What is needed ->
Repeat all entries word for word; skip images.

Web page caption snippets
--- START ---

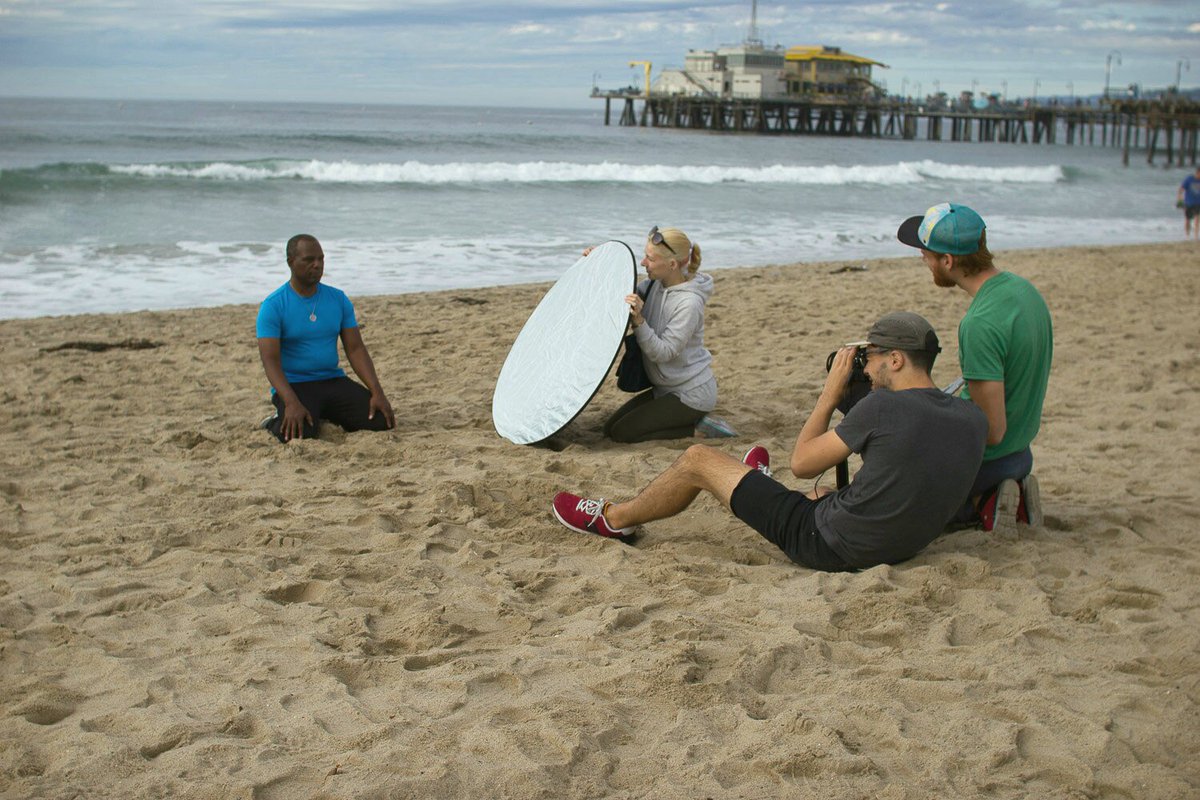 kuboallc's tweet photo. Having a blast @SantaMonicaPier and Griffith Park on our latest photo session for an upcoming fitness site! #lovemyjob #kuboamedia https://t.co/7QlDA0yqfi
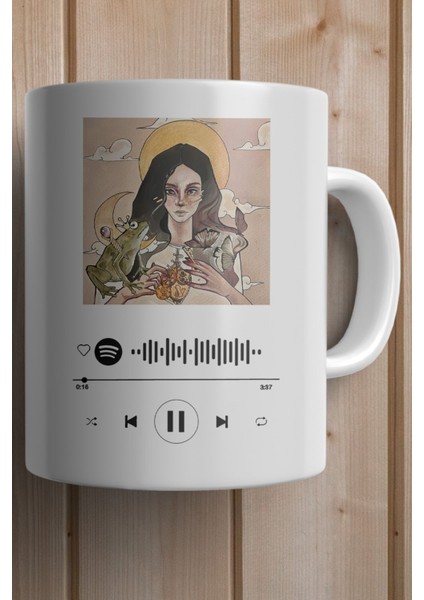 Mavi Gri-Dünyanın En Güzel Kızı Spotify Şarkı Kodlu Yılbaşı Hediyesi Kupa Bardak fiyatları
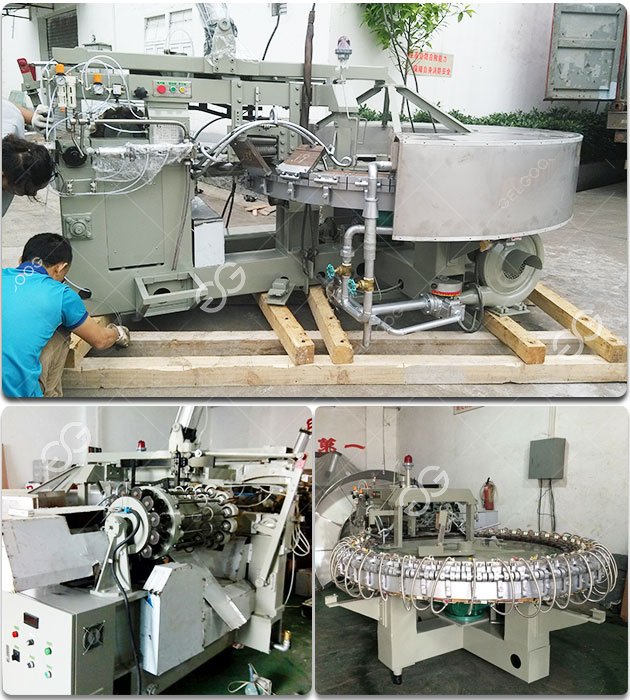 Waffle Cone Machine Price in Factory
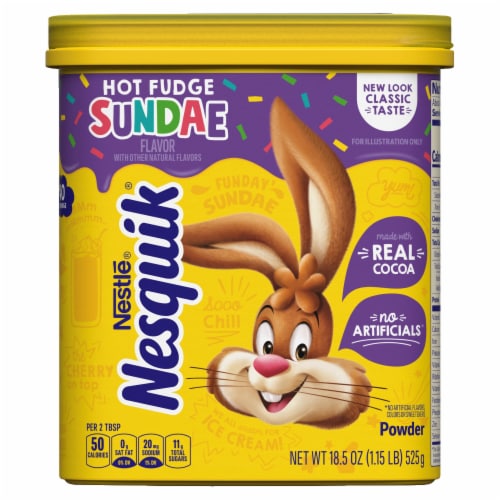 Nesquik® Hot Fudge Sundae Powdered Drink Mix Perspective: front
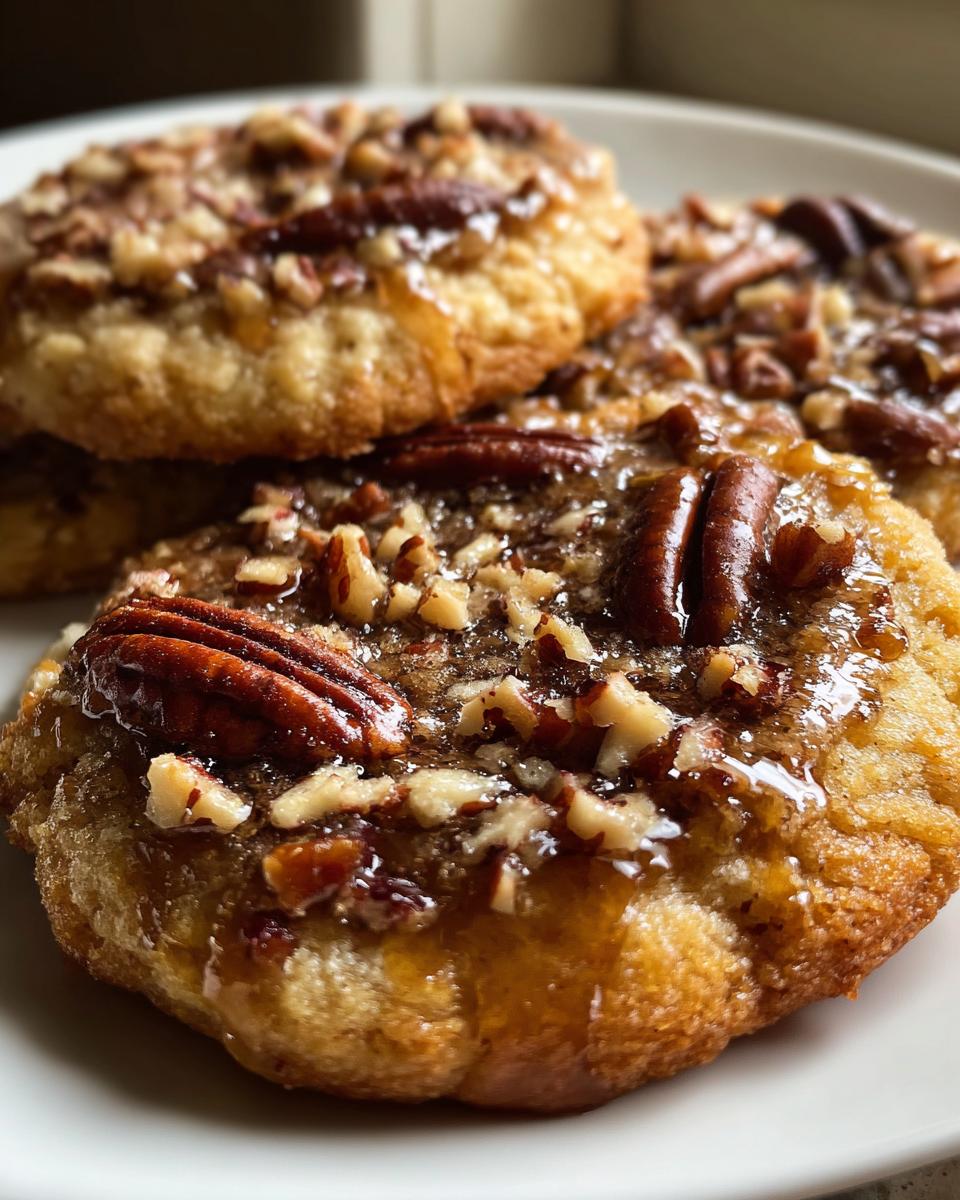 pecan pie cookies - detail 3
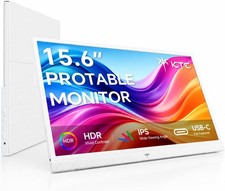 15.6 Inch Portable Monitor, 1080P FHD USB-C HDMI Screen, IPS HDR, White picture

--- END ---

Response ->
 kuboallc's tweet photo. Having a blast @SantaMonicaPier and Griffith Park on our latest photo session for an upcoming fitness site! #lovemyjob #kuboamedia https://t.co/7QlDA0yqfi
 Mavi Gri-Dünyanın En Güzel Kızı Spotify Şarkı Kodlu Yılbaşı Hediyesi Kupa Bardak fiyatları
 Waffle Cone Machine Price in Factory
 Nesquik® Hot Fudge Sundae Powdered Drink Mix Perspective: front
 pecan pie cookies - detail 3
 15.6 Inch Portable Monitor, 1080P FHD USB-C HDMI Screen, IPS HDR, White picture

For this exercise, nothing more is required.